In Uganda, the Generation Zs have heard President Tibuhaburwa Museveni pronounce that interests are superior to identity abd belonging, and are now aware that the enemy number one of the identities and belonging of the indigenous groups of Uganda is President Tibuhaburwa Museveni Tibuhaburwa Museveni, and that he has increasingly used dysfunction as a deadly tool of governance in the century of information, new knowledge and environment. They want  a new philosophy of development: “people first, environment next, nature next and infrastrure last” in place of President Tibuhaburwa Museveni’s philosophy of development: “infrastructure first, environment next, nature next, people last”

Well, it is true that just as infra structure and the environment are clashing, infrastrure is clashing with indigenous communities, Generation Zs and the Status quo will definitely clash. However, Generation Zs will triumph because all the future belongs to them. Dysfunction will be a thing of the past because unlike the status quo, Generation Zs want a functional country, with a functional State, free of Mafias that are the engine of all evil in every sphere of human endeavour.

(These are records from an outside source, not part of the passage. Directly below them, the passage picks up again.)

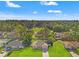 An aerial view of a well maintained home in a residential area featuring lush green trees at 13935 Coronado Dr, Spring Hill, FL 34609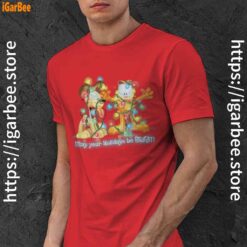 christmas garfield bright holidays red men shirt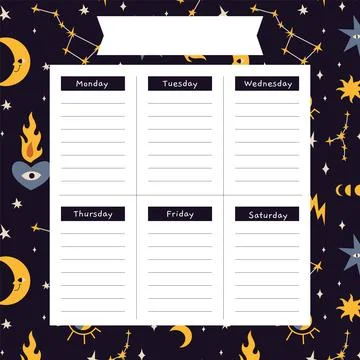 Cute weekly planner background template with Sun and moon, constellations, .. Stock Illustration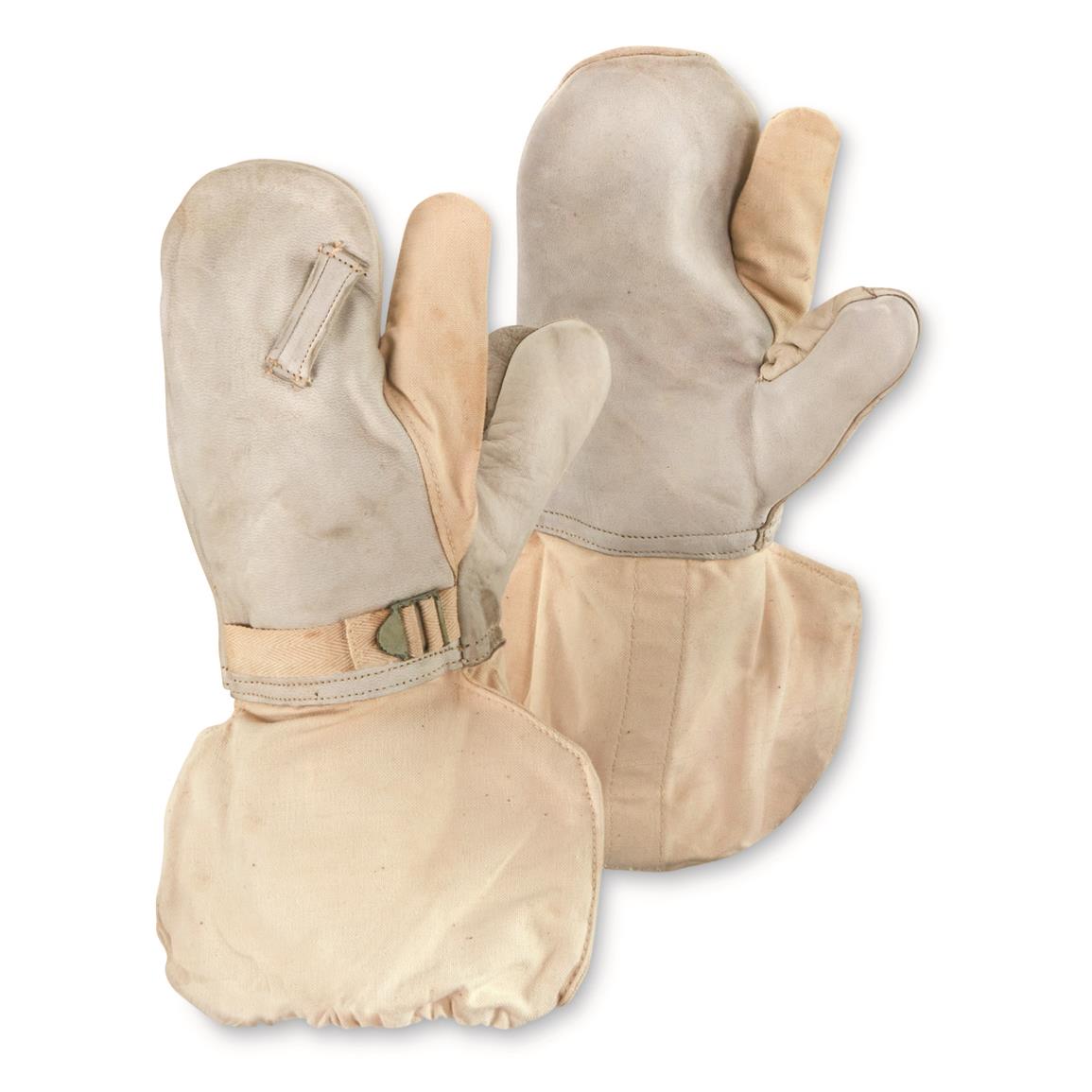 British Military Surplus Canvas and Leather Trigger Mitts, 4 Pairs, Like New — One Size Fits Most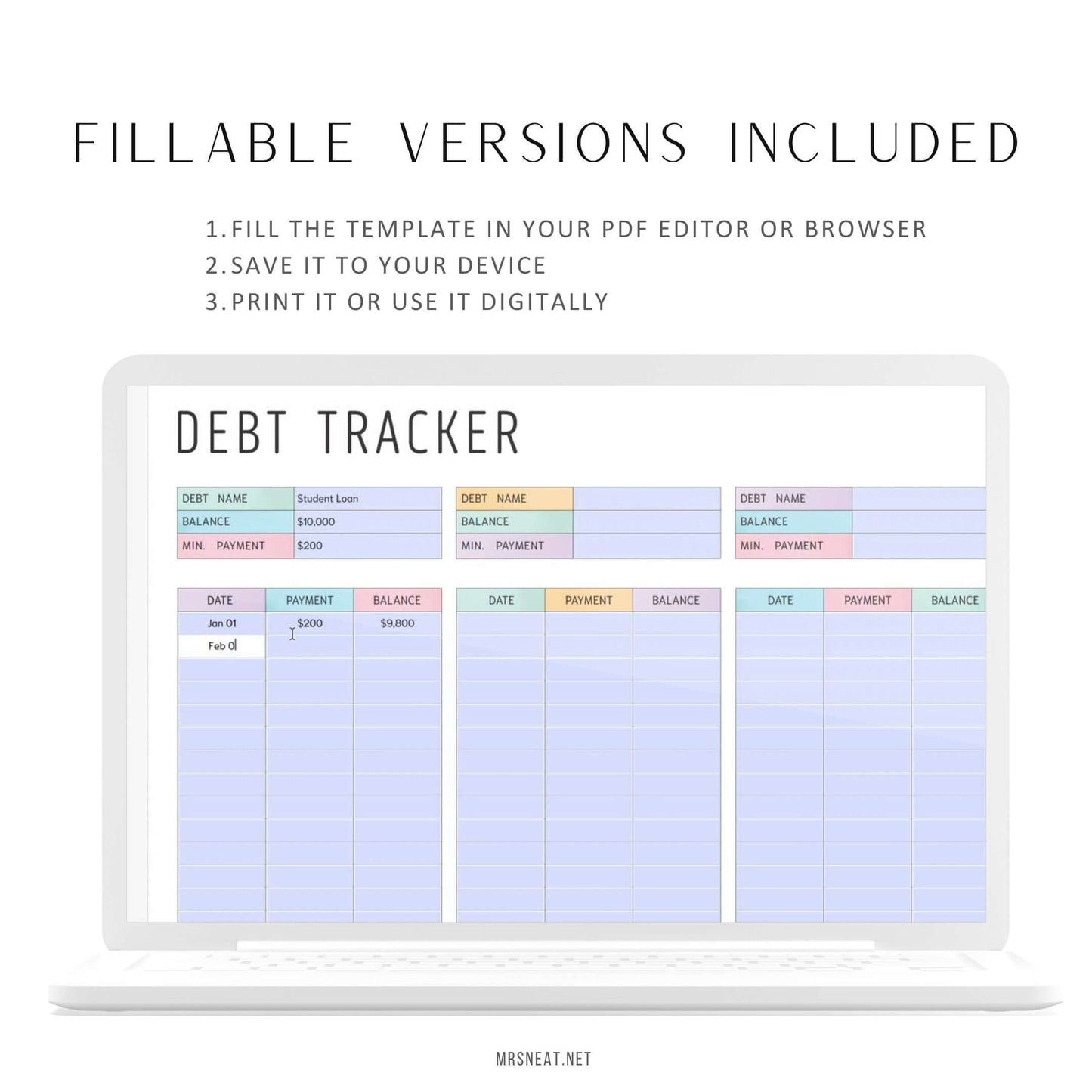 Fillable Debt Payment Tracker, PDF, Digital Planner, Printable Planner, 2 Colors, Landscape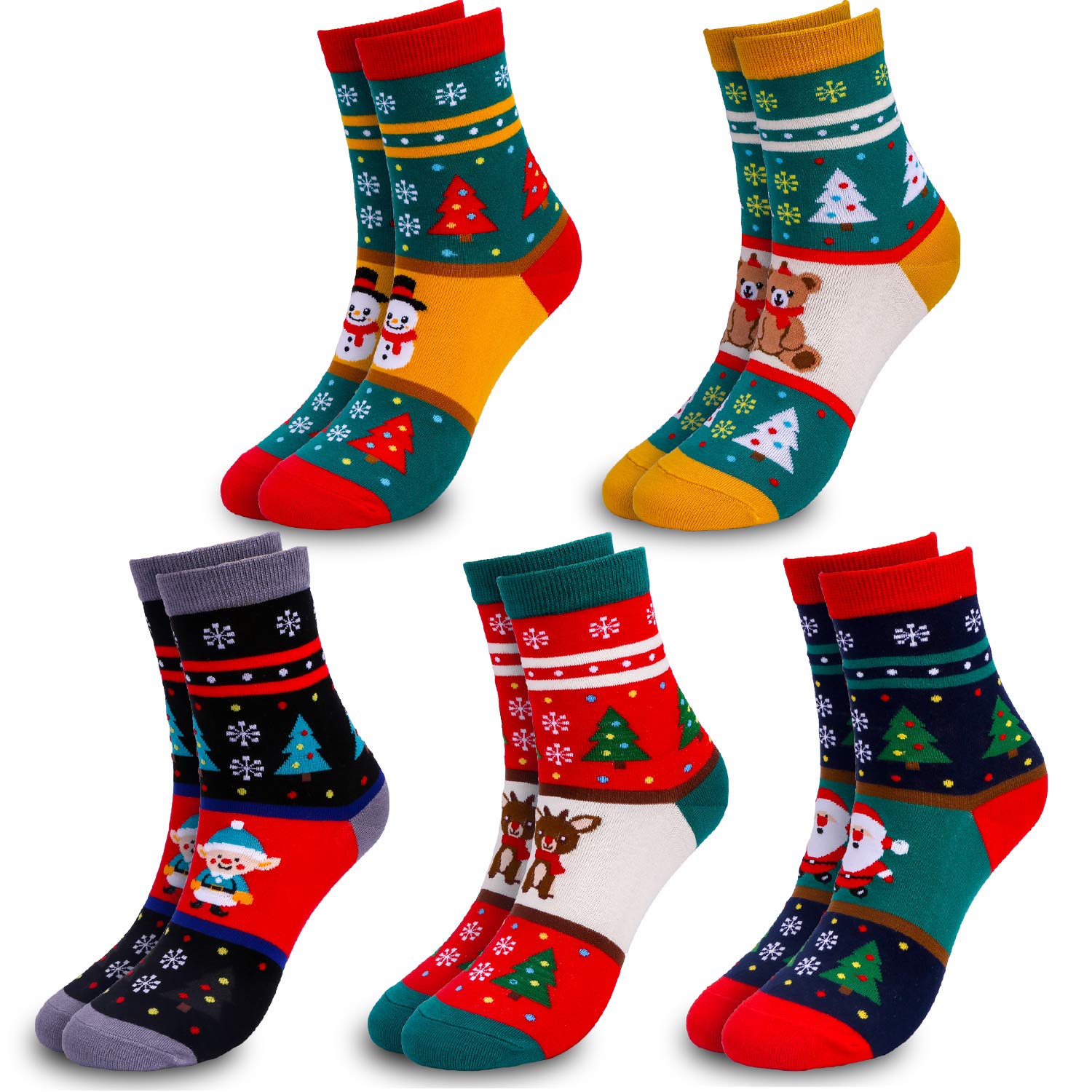 Qpout 5 Pairs Christmas Crew Socks - Funny Casual Soft Stretchy Holiday Unisex Winter Warm Cotton Thermal Socks for Boys Girls Men Women
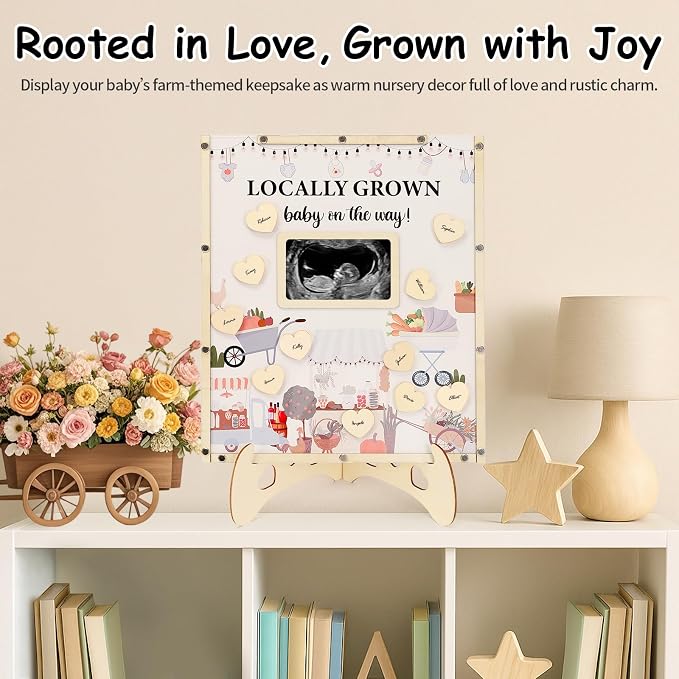 Locally Grown Baby Shower Decorations,Farmers Market Baby Shower Guest Book Alternatives with Pumpkin Pen,Photo Frame and 60 Heart Wood Slices for 60 Guests,Gender Reveal Decorations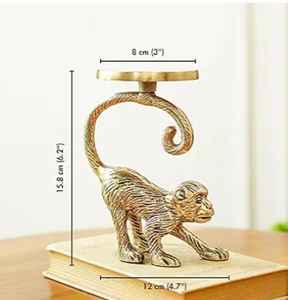 Soporte de Metal para vela de mono, acabado chapado en oro, decorativo para el hogar, mesa de sala de estar, soporte pequeño Vintage moderno - Product Image 2
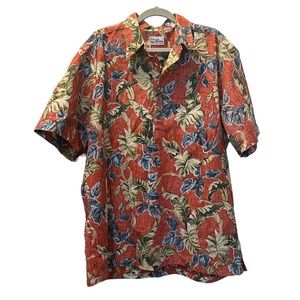 Vintage Reyn Spooner Men's Hawaiian Shirt XL Short Sleeve Pullover Henley Red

Whereas the Gen Z movement is fast emerging as a new revolutionary force challenging the status quo, leading to the collapse of some governments including Madagascar, Bangladesh, and the near collapse of Ruto’s government in Kenya as well as Samia Suluhu’s shaking in Tanzania (Bwire, pers.comm). In Tibuhaburwa Museceni’s Uganda, however, it may be a unique scenario. Most of the Gen Z in the other countries are organized and united by common purpose and language. In Uganda,  the Gen Zs are being recruited and manipulated by different political actors as “foot soldiers” purely for self-aggrandizement. The Uganda Gen Zs are stratified into various streaks of ideological colour (NRM, NUP, FDC), ethnicity, social grading (elite corporates vs the unwashed of the slums), etc, a feature which would make them supine. As long as the Ugandan Gen Zs are comfortable with a meal of kikomando, sauna, live band, premier league, handouts from patrons, etc, you can’t expect much from such a group as far as influencing political and social change in Uganda is concerned (Bwire, pers.comm).

For God and My Country.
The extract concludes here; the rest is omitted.